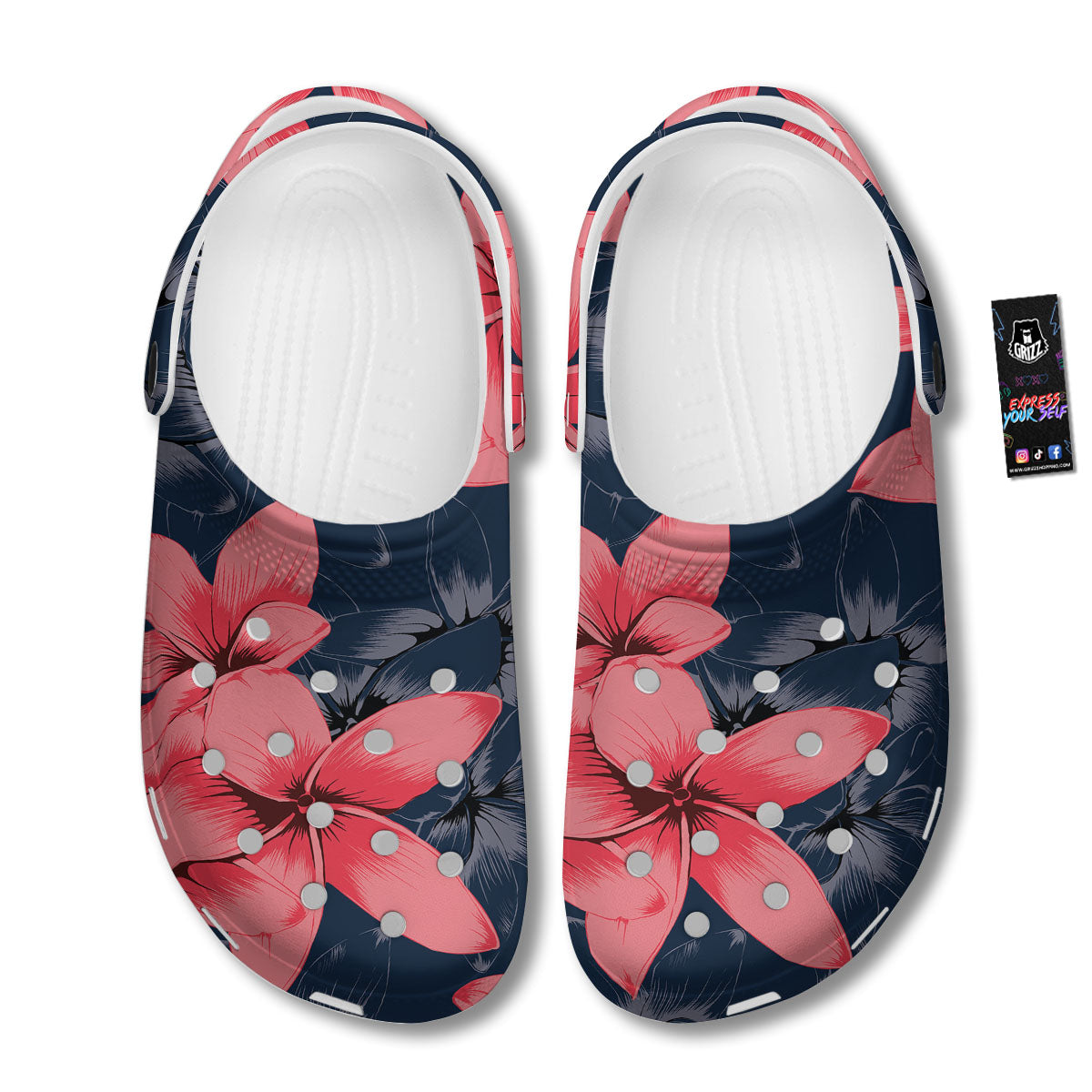 Plumeria Flower Pink Print Clog-grizzshop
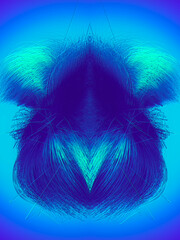 Poster - Flowing blue colored lines psychedelic background. Symmetrical composition. 3d rendering digital illustration
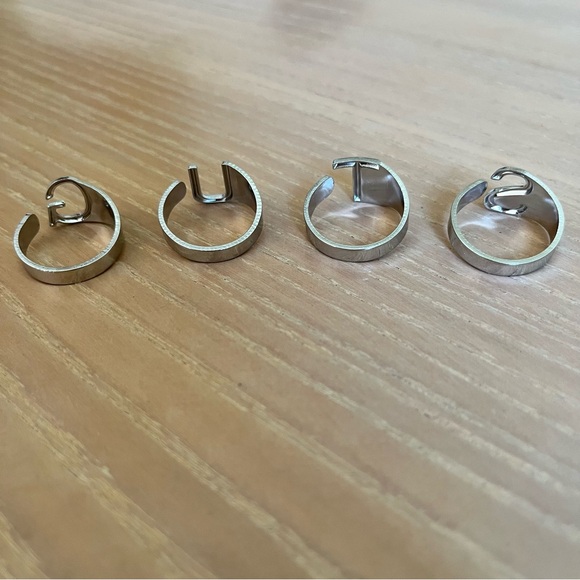 *NEW* OLIVIA RODRIGO Themed GUTS Letters Set of 4 Rings in Silver - Picture 10 of 11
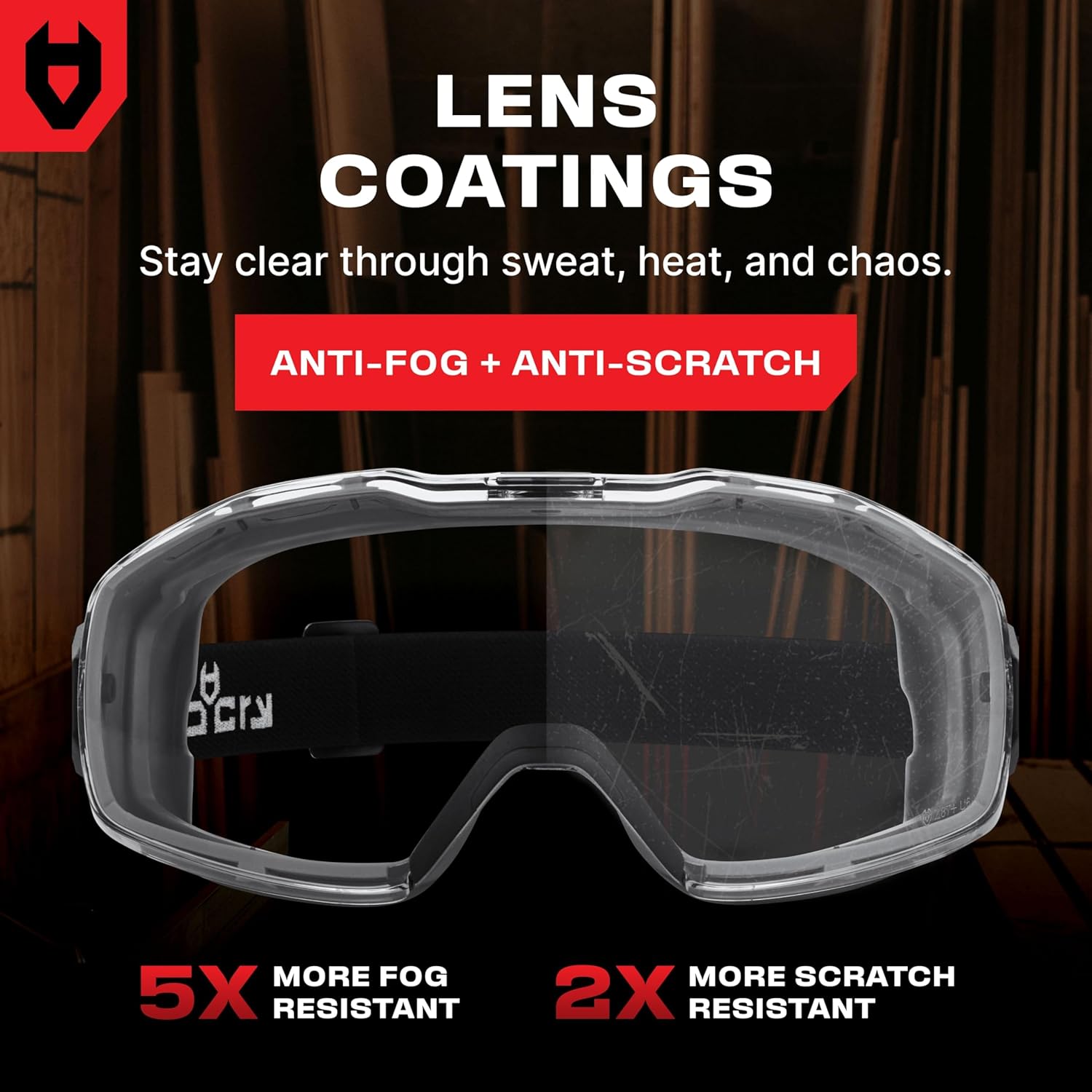 NoCry Anti Fog Safety Goggles Over Glasses For Men And Women — ANSI Z8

---

▸ **Exercise**
Your copy should hold exactly the lines from the line bearing "Poster - Flowing" through the end of the data, both included, and no pictures or anything further.

▸ **Reply to the exercise**
 Poster - Flowing blue colored lines psychedelic background. Symmetrical composition. 3d rendering digital illustration
 *NEW* OLIVIA RODRIGO Themed GUTS Letters Set of 4 Rings in Silver - Picture 10 of 11
 NoCry Anti Fog Safety Goggles Over Glasses For Men And Women — ANSI Z8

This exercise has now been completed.